Task data:
##########

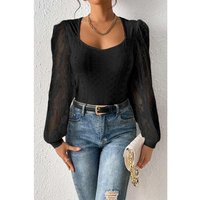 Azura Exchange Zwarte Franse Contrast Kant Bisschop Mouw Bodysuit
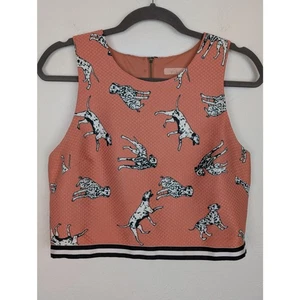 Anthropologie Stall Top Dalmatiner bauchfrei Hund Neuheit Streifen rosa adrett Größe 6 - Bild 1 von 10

##########

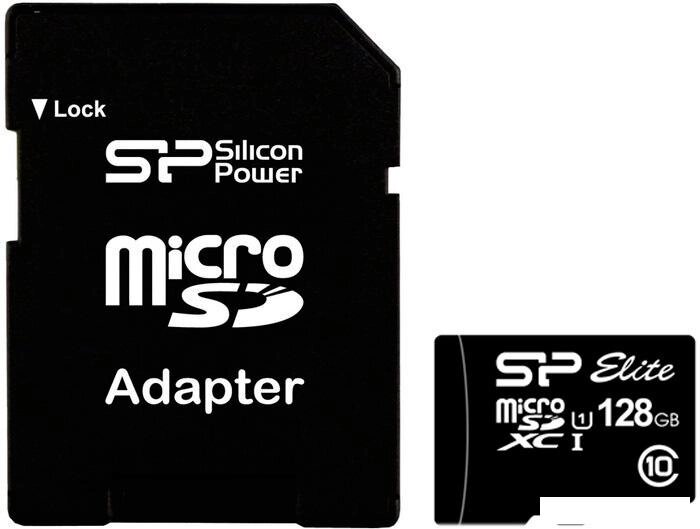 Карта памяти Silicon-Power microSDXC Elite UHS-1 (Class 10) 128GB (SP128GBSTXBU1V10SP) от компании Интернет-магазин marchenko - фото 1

##########

Work to complete:
Using the data above, give again exactly the lines starting at the one holding "Azura Exchange Zwarte" and ending at the one holding "Anthropologie Stall Top", inclusive, and nothing more. Omit the pictures.

Solution to this task:
 Azura Exchange Zwarte Franse Contrast Kant Bisschop Mouw Bodysuit
 Anthropologie Stall Top Dalmatiner bauchfrei Hund Neuheit Streifen rosa adrett Größe 6 - Bild 1 von 10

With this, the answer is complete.